• _WHAT THE TASK ASKS_:
Your output should be exactly the lines from the one containing "Used Volkswagen ID.UNYX" through the final line of the following data, please, with no pictures.

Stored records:
=== Section Start ===
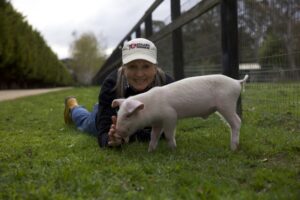 How small acts of kindness create big change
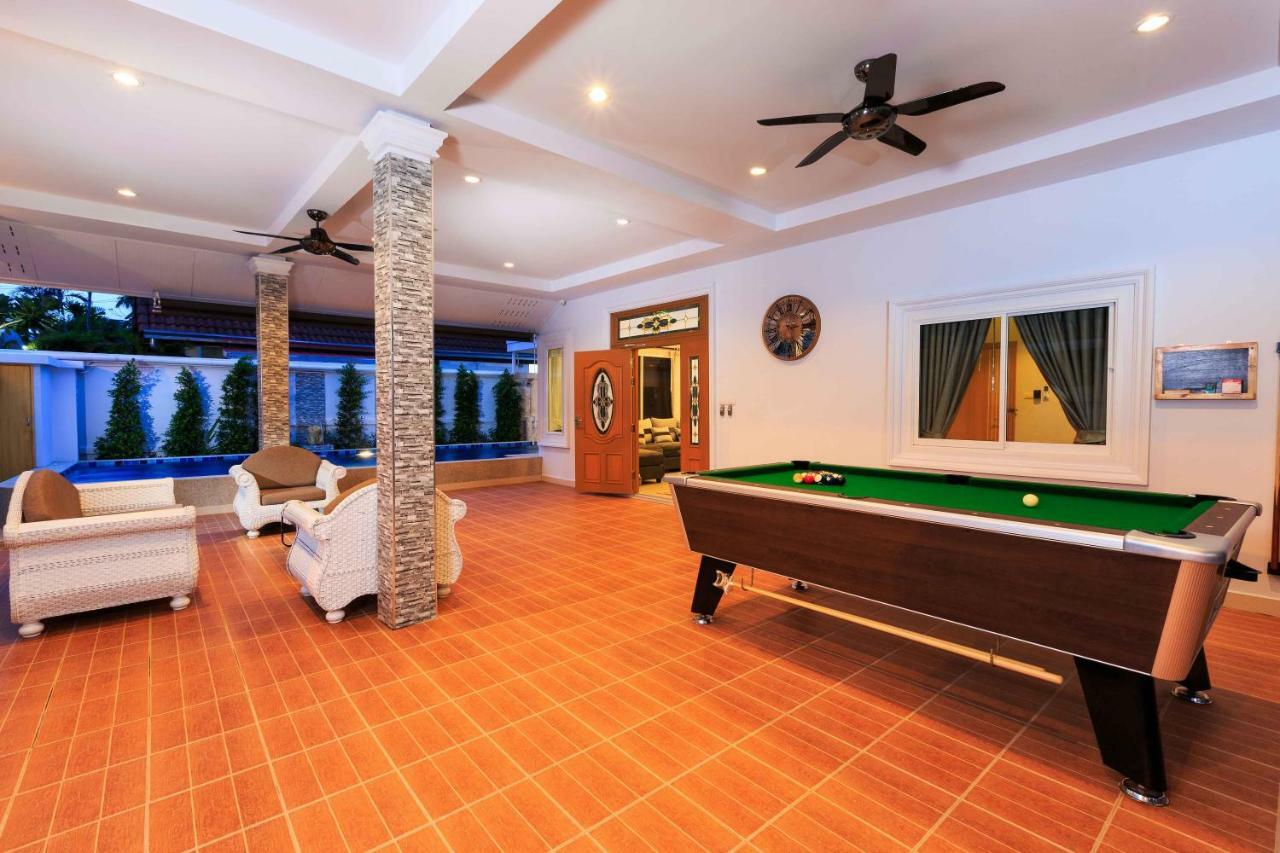 Gala Villa Pattaya Exterior photo
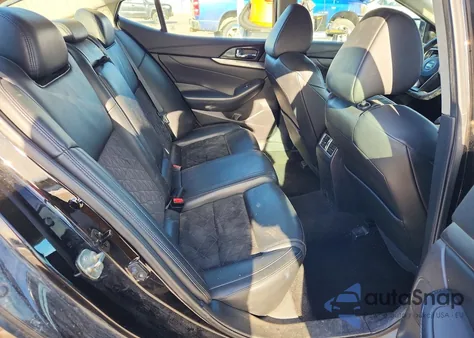 2017 Nissan Maxima 3.5S z USA, uszkodzony, nr VIN 1N4AA6AP0HC406456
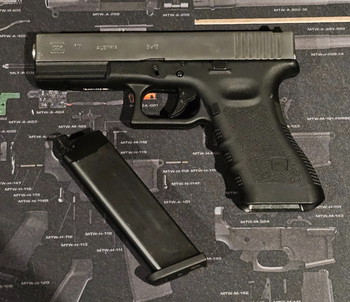 Bild 2 für WE Glock 17 Gen 4 met markings GBB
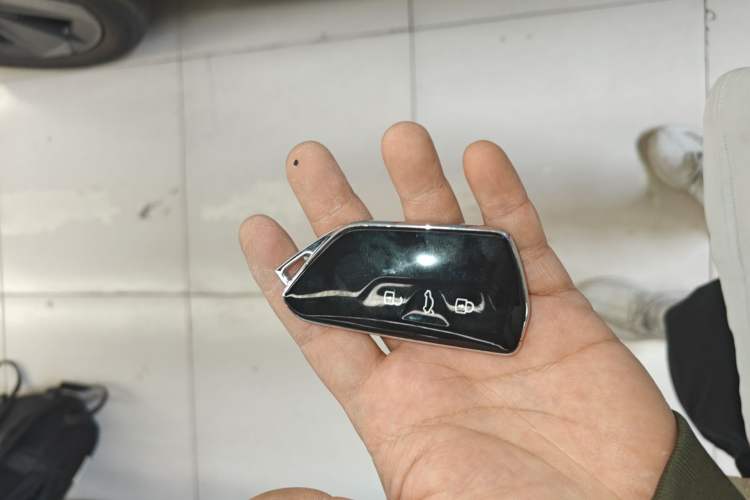 Used Volkswagen ID.UNYX 2024 Revised Pro Long-Range Version
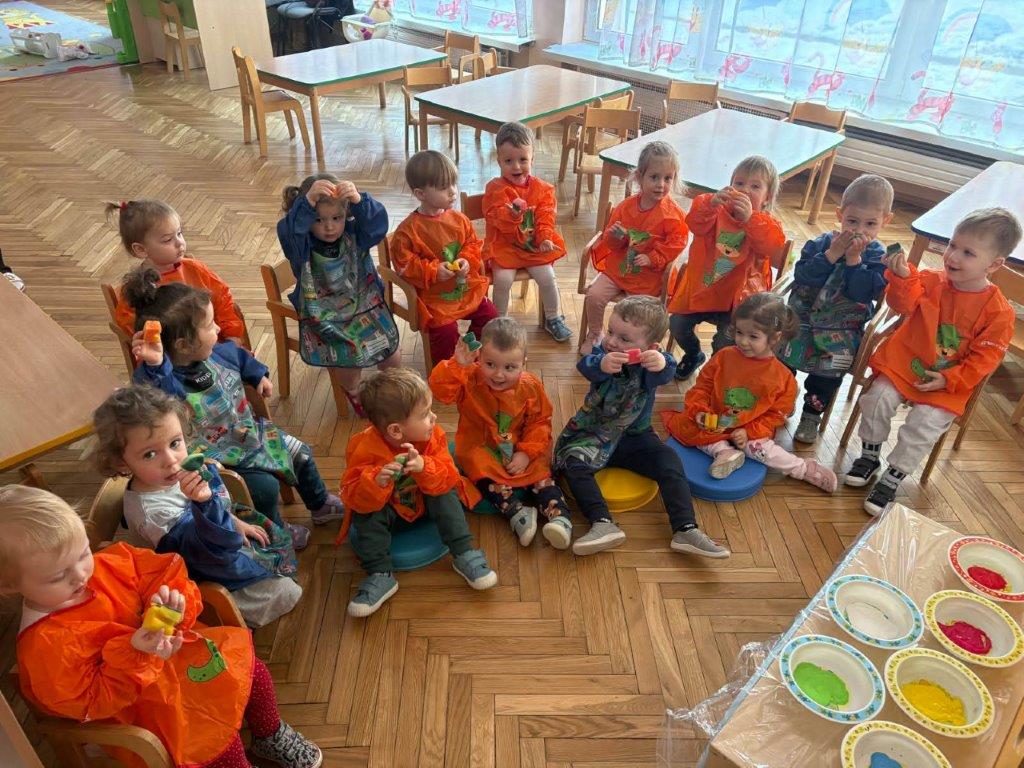 Zajęcia plastyczne w grupie Motylki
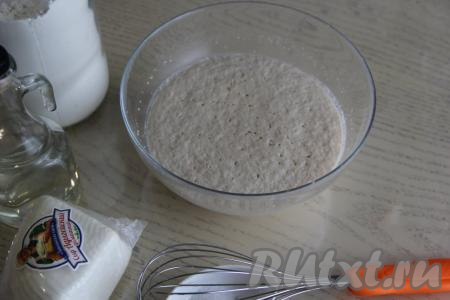 В тёплое молоко (температура молока должна быть около 38-40 градусов) всыпать сухие дрожжи и сахар, перемешать венчиком и оставить в тепле на 15 минут. Поверхность смеси за это время запенится - это говорит о том, что дрожжи активировались и можно приступать к замесу теста для пиццы.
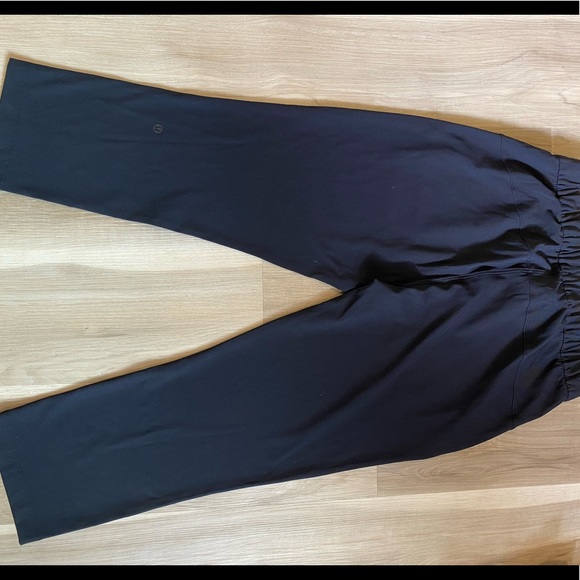 Lululemon joggers - Picture 2 of 6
=== Section End ===
• _EXPECTED ANSWER_:
 Used Volkswagen ID.UNYX 2024 Revised Pro Long-Range Version
 Zajęcia plastyczne w grupie Motylki
 В тёплое молоко (температура молока должна быть около 38-40 градусов) всыпать сухие дрожжи и сахар, перемешать венчиком и оставить в тепле на 15 минут. Поверхность смеси за это время запенится - это говорит о том, что дрожжи активировались и можно приступать к замесу теста для пиццы.
 Lululemon joggers - Picture 2 of 6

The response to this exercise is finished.